Note that this feature is typically implemented by setting the <META HTTP-EQUIV = "Refresh" C> In the HEAD area of the HTML page, because, automatic refresh or redirection is important for HTML writers who cannot use CGI or Servlet. However, for Servlet, it is more convenient to directly set the Refresh header.
Note that Refresh indicates "Refresh the page after N seconds or access the specified page", rather than "Refresh the page or access the specified page every N seconds ". Therefore, continuous refreshing requires that a Refresh header be sent each time, and sending the 204 status code can prevent the browser from refreshing, whether it's using the Refresh header or <META HTTP-EQUIV = "Refresh"...>.
Note that the Refresh header is not part of the official HTTP 1.1 Specification but an extension, but is supported by both Netscape and IE.
Request Header example
The following is a simple example of an HTTP request.
GET/articles/news/today. asp HTTP/1.1
Accept :*/*
Accept-Language: en-us
Connection: Keep-Alive
Host: localhost
Referer: http: // localhost/links. asp
User-Agent: Mozilla/4.0 (compatible; MSIE 5.5; Windows NT 5.0)

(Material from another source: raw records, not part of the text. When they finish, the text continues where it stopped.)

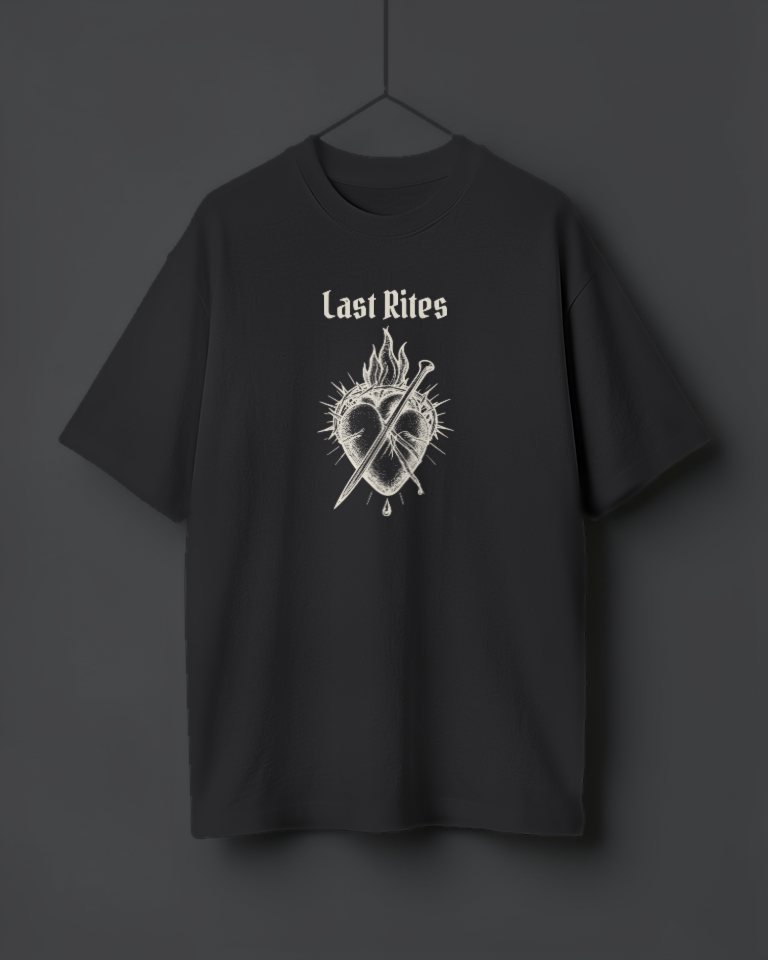 An oversized washed black tee hanging on a thread, printed in cream with Last Rites in gothic letters over a tattoo-flash sacred heart wrapped in thorns and flames, a dagger driven through it.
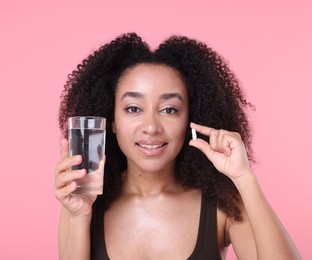 Photo of Beautiful Brazilian woman with glass of water and collagen pill on pink background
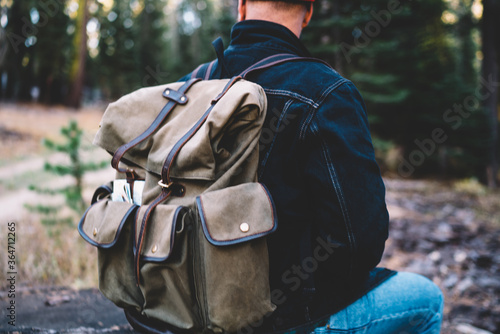 Cropped image of male traveler with backpack sitting in wood recreation on nature environment on free time adventure, caucasian hipster guy explorer discover trip in national park on vacations © BullRun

Accept-Encoding: gzip, deflate
The request has a request line, including the method (GET), Resource path (/articles/news/today. asp), and HTTP Version (HTTP/1.1 ). Because the request has no body, the content after all request lines is part of the header. The header is followed by an empty line, indicating that the header has ended.
Response Header example
The Web server can respond to the previous request in multiple ways. If the object is accessible and the user has the permission to view the object, the response is similar:
HTTP/1.1 200 OK
Server: Microsoft-Microsoft IIS/5.0
Date: Thu, 13 Jul 2000 05:46:53 GMT
Content-Length: 2291
Content-Type: text/html
Set-Cookie: ASPSESSIONIDQQGGGNCG = LKLDFFKCINFLDMFHCBCBMFLJ; path =/
Cache-control: private
...
The first line of the response is called the status line. It contains the HTTP Version, status code (200), and cause phrase used for the response. The example contains a header with five fields, followed by an empty line (carriage return and line break), followed by the first two lines of the response body.